Зубков Н. Опыты на пути к славе. С. 300 (на с. 300–301 вообще содержатся интересные наблюдения над использованием Батюшковым державинских мотивов); Вацуро В. Э. Лирика пушкинской поры. С. 201 (указан аналог стихам Батюшкова в «Элегии» (1798) Дмитриева: «Я счастье полагал во счастии родных — // И что же? — только их я обнимаю гробы!»).

вернуться

245

Элегические потенции послания «К Филалету» отметил Б. М. Эйхенбаум в «Мелодике русского лирического стиха». См.: Эйхенбаум Б. О поэзии.
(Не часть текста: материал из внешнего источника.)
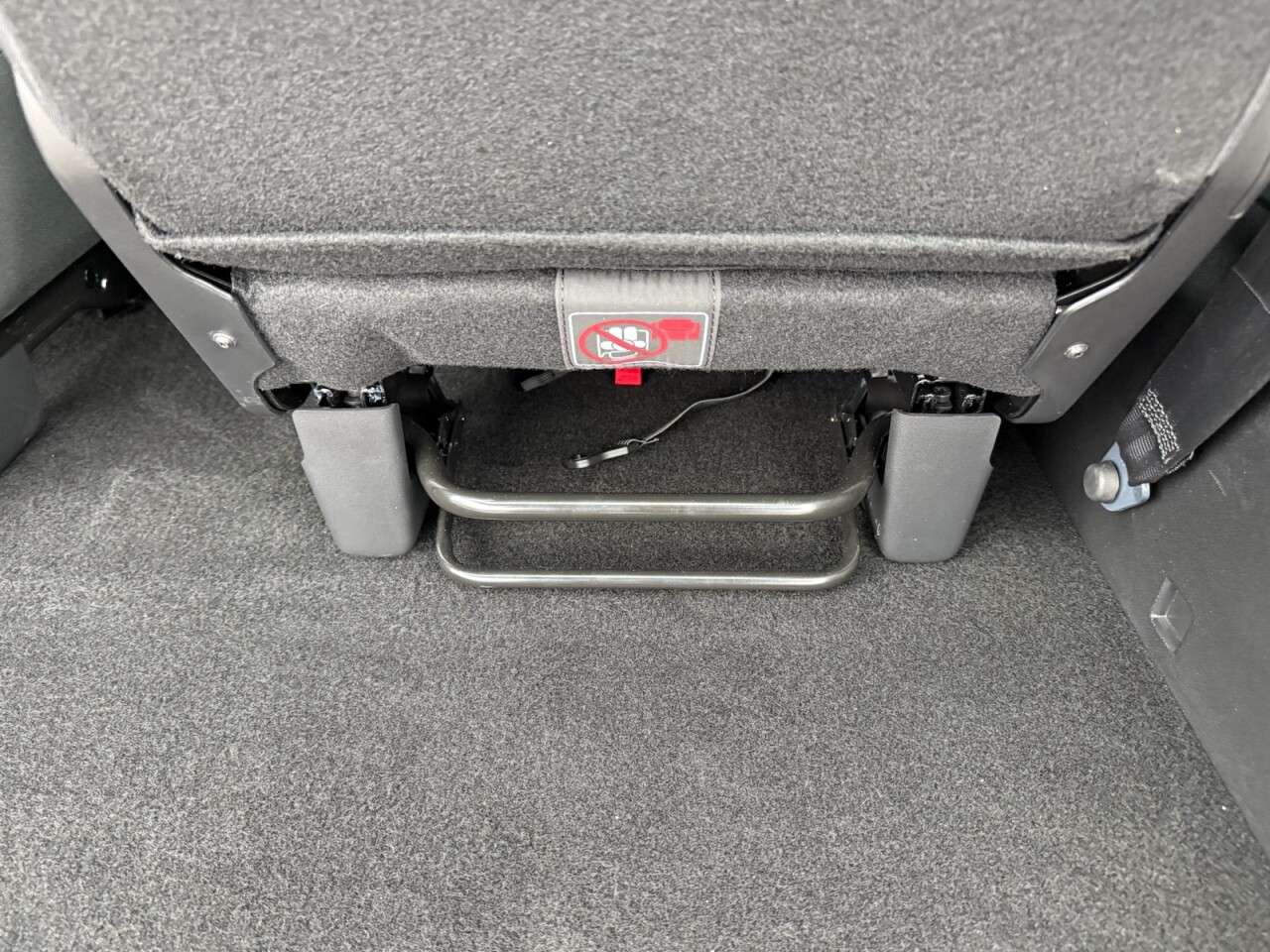 2025 CITROEN E-BERLINGO 2025 CITROEN E-BERLINGO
Л.: Сов. писатель, 1969. С. 370–371.

вернуться

246

Вместе с тем одним из важнейших источников образа Лилы послужила поэзия Петрарки (наиболее близкие параллели см. в сонетах 156, 157 и, особенно, 292). Вообще этот образ сугубо «собирательный», насквозь литературный и почти столь же условный, как и другие образы послания. Усматривать в Лиле изображение В. И. Кокошкиной (к чему склонны почти все комментаторы) по меньшей мере некорректно.

вернуться

247

Вопрос об источниках этих псалмодических строф весьма интересен и достаточно сложен. Еще Пушкин, как известно, отметил связь стихов о «пере» и «прахе» с Ломоносовым и Тассо. Сравнение ума, погибающего среди сомнений, с не знающим пристани «судном без руля» — одно из распространеннейших в мировой словесности. Показательно, что сравнение героя с гибнущим кораблем возникает буквально в самых первых русских элегиях — Тредьяковского и Сумарокова (см.: Гуковский Г. А. Русская поэзия XVIII века. Л.: Academia, 1927. С. 55). Однако в свете общей «петраркистской» позиции Батюшкова правдоподобно предположить, что мотив проецируется прежде всего на Петрарку, у которого уподобление смятенной души потерявшему управление кораблю — одно из ключевых (см. в особенности сонеты 132, 272 и 292).